If the processes do not come from a common ancestor then they can only share a pipe if they can both name it (otherwise they could not find it). Named pipes usually appear as though they were files in the file system.

Streams

Pipes carry unstructured data - you put bytes in one end and get the same bytes out the other. Streams are designed to carry record information - you put records in at one end and get the same records out the other. Each record must contain a field saying how large it is.

Sockets

Sockets are more like ports that you can send data to. A process will be ``listening'' at a port and will accept data sent to it.

Signals

Signals are a fairly crude method if IPC. A process may send a signal to another such as ``wake up'' or ``die''. The other process can respond to these signals in various ways.

Unix Pipes

Contents

Low level I/O
Pipes
Shared memory
A queue using an array
Implementing a pipe using a queue
Why it is wrong

Low level I/O

This is revision material. I/O is done using block reads and writes. Files must be opened before reading or writing, and should be closed at the end. Opening a file returns a file descriptor which is an integer. This integer is an index into the table of files that are open for a process. Typical statements to read and write using this block I/O are
#define SIZE 1024
char buf[SIZE];

src = open(infile, O_RDONLY);
dst = creat(outfile, 0777);
while ((nread =
          read(src, buf, SIZE))
       > 0)
    write(dst, buf, nread);

Pipes

A pipe is used for one-way communication of a stream of bytes. The command to create a pipe is pipe(), which takes an array of two integers. It fills in the array with two file descriptors that can be used for low-level I/O.

Creating a pipe

int pfd[2];

pipe(pfd);
pipe

I/O with a pipe

These two file descriptors can be used for block I/O
write(pfd[1], buf, size);
read(pfd[0], buf, SIZE);

Fork and a pipe

A single process would not use a pipe. They are used when two processes wish to communicate in a one-way fashion. A process splits in two using fork(). A pipe opened before the fork becomes shared between the two processes.

Before fork
pipe
After fork
pipe
This gives two read ends and two write ends. The read end of the pipe will not be closed until both of the read ends are closed, and the write end will not be closed until both the write ends are closed.

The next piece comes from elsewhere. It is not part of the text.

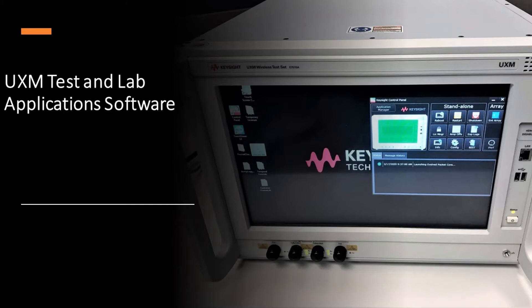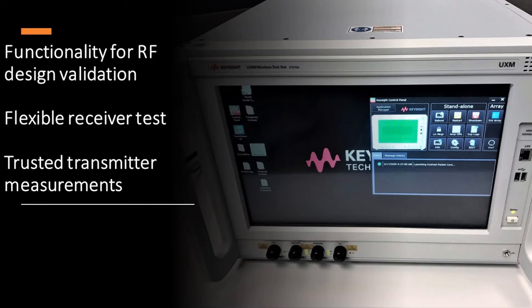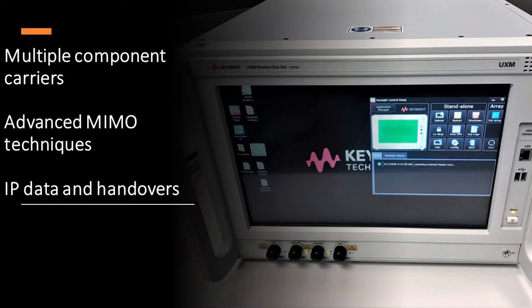The base options include functionality required for RF design validation, including flexible receiver test and clustered transmitter measurements. Additional capabilities such as multiple component carriers, advanced MIMO techniques, integrated fading, and functional test features including IP data and handovers can be chosen.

Either process can write into the pipe, and either can read from it. Which process will get what is not known.

For predictable behaviour, one of the processes must close its read end, and the other must close its write end. Then it will become a simple pipeline again.
pipe
Suppose the parent wants to write down a pipeline to a child. The parent closes its read end, and writes into the other end. The child closes its write end and reads from the other end.

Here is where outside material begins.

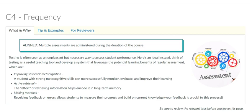Assessments throughout the course provide feedback to students that allow them to gauge their learning. Students can use this to modify their performance, increase studying, or ask questions that would help improve their future assignments. If the assignments or feedback come too late in the course, students have fewer opportunities to modify their performance.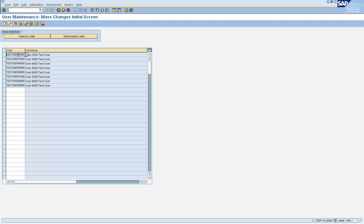The only thing is, whatever action you take is applicable for each user ID in the list. For example, if I click on the lock icon, all these user IDs will be locked. So let's go and click and do that.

When the processes have ceased communication, the parent closes its write end. This means that the child gets eof on its next read, and it can close its read end.

#include <stdio.h>

#define SIZE 1024

int main(int argc, char **argv)
{
  int pfd[2];
  int nread;
  int pid;
  char buf[SIZE];

  if (pipe(pfd) == -1)
  {
    perror("pipe failed");
    exit(1);
  }
  if ((pid = fork()) < 0)
  {
    perror("fork failed");
    exit(2);
  }

  if (pid == 0)
  {
    /* child */
    close(pfd[1]);
    while ((nread =
	 read(pfd[0], buf, SIZE))
	 != 0)
      printf("child read %s\n", buf);
    close(pfd[0]);
  } else {
    /* parent */
    close(pfd[0]);
    strcpy(buf, "hello...");
    /* include null terminator in write */
    write(pfd[1], buf,
	  strlen(buf)+1);
    close(pfd[1]);
  }
  exit(0);
}


dup

A pipeline works because the two processes know the file descriptor of each end of the pipe. Each process has a stdin (0), a stdout (1) and a stderr (2). The file descriptors will depend on which other files have been opened, but could be 3 and 4, say.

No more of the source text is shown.